Serendipity usually plays a huge role in entrepreneurship. It played an outsized role in Tarun Mehta’s journey to founding Ather Energy, easily India’s best-known electric scooter maker.

When Mehta graduated from IIT Madras, he wanted badly to become a consultant because it was where the money and aura was. But he didn’t get a job as a consultant. Then he tried to get into Harvard Business School for an MBA, but that didn’t pan out either.

Instead, he ended up at Ashok Leyland, a maker of buses and trucks. It took four months after he joined for Mehta to be allocated a computer of his own. During that time, he’d walk around and find a computer belonging to someone who hadn’t come to office. Or he’d walk through its sprawling Chennai campus and read books in its library. Of course, his salary wasn’t high by any standards.

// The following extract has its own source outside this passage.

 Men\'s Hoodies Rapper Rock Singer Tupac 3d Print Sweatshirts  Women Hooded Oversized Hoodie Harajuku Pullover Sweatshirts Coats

The low salary and lack of any meaningful work allowed Mehta to drift back to the IIT Madras campus he’d graduated from. After convincing a professor of their desire to build battery packs, Mehta and his co-founder Swapnil Jain, moved to an empty hostel room to start building things.

Building hard things.

That’s the origin story of Ather Energy, the company that started out wanting to build battery packs, but ended up doing multi-year deep dives to re-imagine virtually every part of an electric scooter. This stubbornness would bring Ather Energy to the brink of death five times.

Today, Ather sells over 10,000 electric scooters in India. Next year, it wants to double that number. And then some more.

Tarun speaks at length about his journey to convince investors of his vision; doing hard things that defied common sense; building an organisation over decades; and why it takes at least three years to make a true impact at work.

If you have any questions, thoughts, suggestions, or tips, please email them to [email protected] We might not be able to reply to all of them, but we do read every single one of them.

Full Episode Transcript :

Rohin Dharmakumar

“When we started Ather, we did not have a vision of building a fantastic product. When investors would ask us as to what would be our competitive strength in an extremely entrenched auto market. Sales, service, quality, manufacturing, distribution were hardly going to be our strengths going against likes of Hero and Bajaj. 

We would weakly mumble that we were willing to build something very hard. We did not have a vision of building a product, but we knew that we were going to build something very hard.”

Do you recognise these words, Tarun?

Tarun Mehta

Yeah, this is one of my favourite blog posts that I’ve written in recent times.